Meat processors now say they need their supermarket customers to pay them 7% more for their meat, not 6% as previously requested.
Grampian Country Food Group, which is leading the bid to boost returns in the face of rising costs, said it had recalculated the figure because of changing exchange rates and oil prices, and the cost of new environmental regulations, which it had not previously taken into consideration.
Philip Wilkinson, MD of Grampian’s chicken business, said: “Just since we have launched the initiative in mid-June, oil prices have continued to go in a northerly direction.
“But the pound has also continued its slide against the
dollar pushing up the price of soya, which is a key ingredient in animal feed.
“The price of soya itself is also rising, because farmers in North America have not had the levels of rain required and are therefore estimating a poorer crop than usual. This has been reflected in higher spot prices for soya on the futures market.”

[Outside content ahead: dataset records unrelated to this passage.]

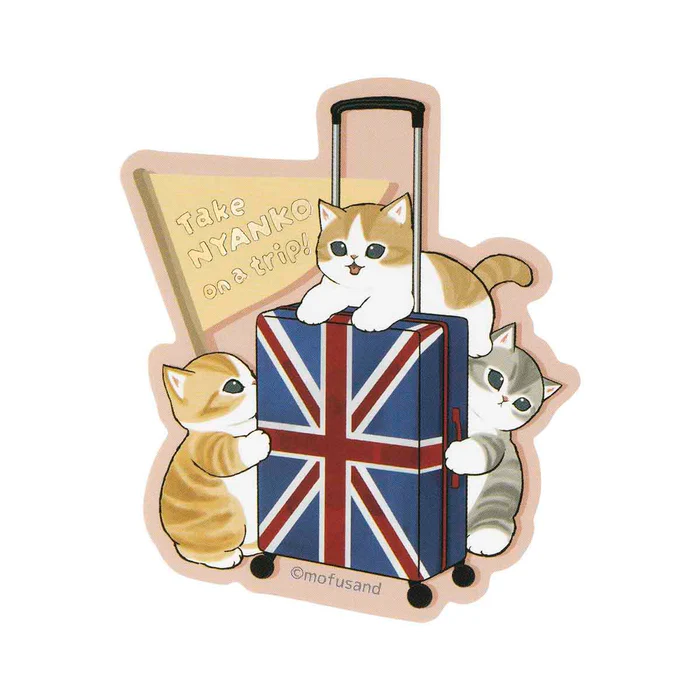 Mofusand|Mofumofu Journey Take Kitty on a Trip Shiny Foil Stamp Sticker| 76×75mm approx.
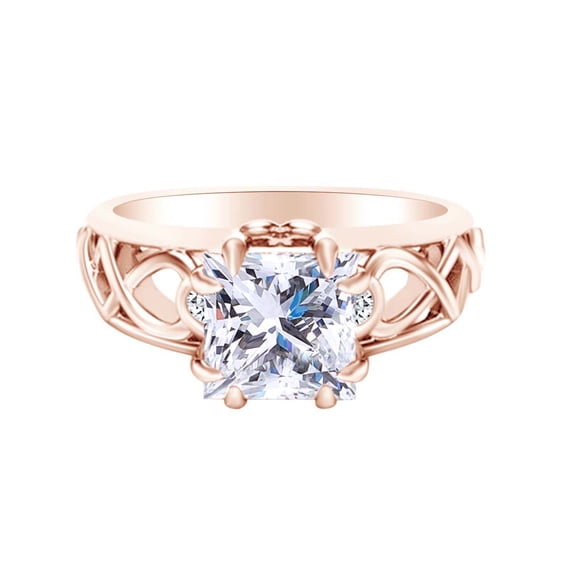 AFFY 1.3 Carat Princess Cut Moissanite & Natural Diamond Unique Engagement Ring 14K Solid Rose Gold Ring Size-9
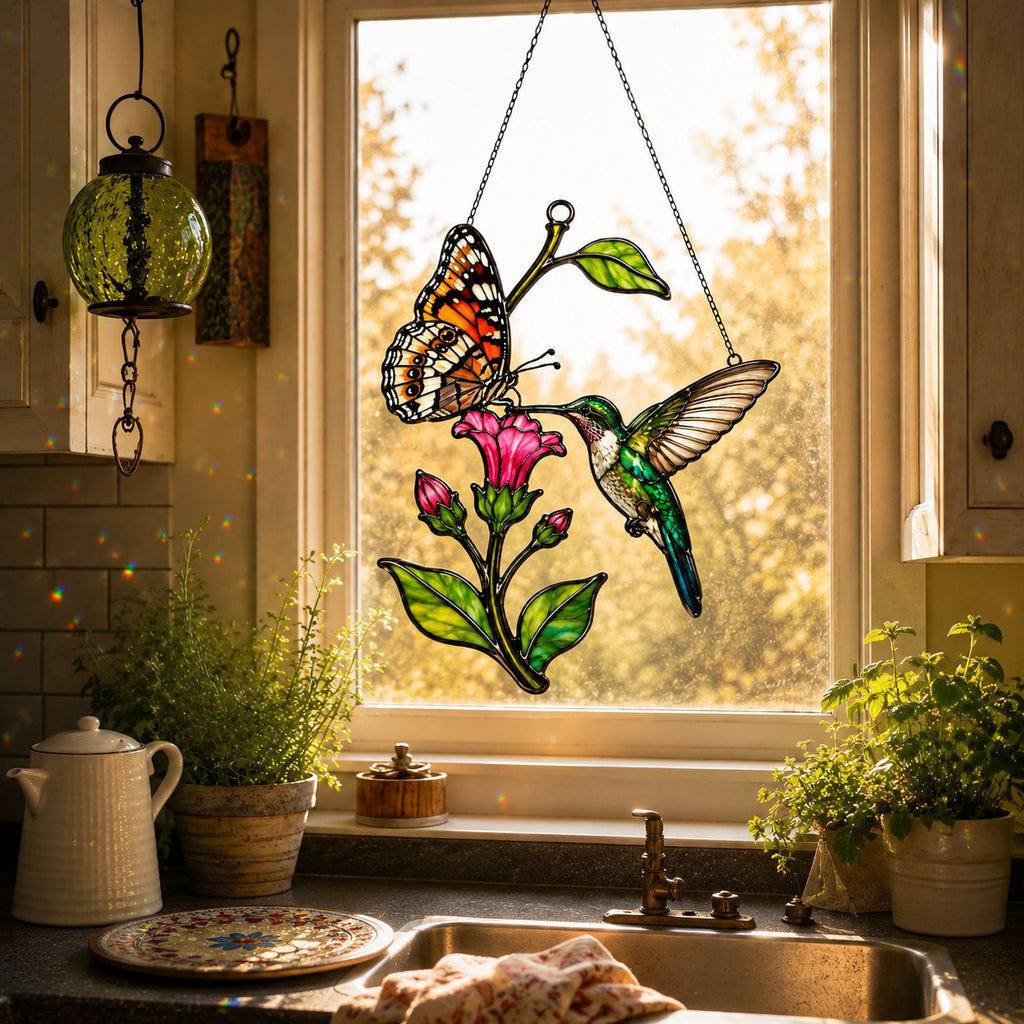 Hummingbird, Butterfly & Pink Trumpet Flower Holographic Acrylic Suncatcher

Wilkinson said the cost to pig and poultry farmers of implementing the strict new environmental IPPC regulations - designed to limit pollution - was also piling on the pressure.
He claimed that there was “subliminal support” for the price initiative at the major retailers and expected to see some upward movement in prices as early as next week.
He added: “There is an understanding that something needs to be done to ensure the sustainability of the meat production industry.”
Grampian’s request for a 7% rise is based on a 3% increase in the cost of fuel, 2% on feed, 1% on packaging and 1% on the falling value of the pound and the cost of implementing IPPC.
The initiative is backed by farmers, to whom Grampian has pledged to pass on up to one third of any price increase.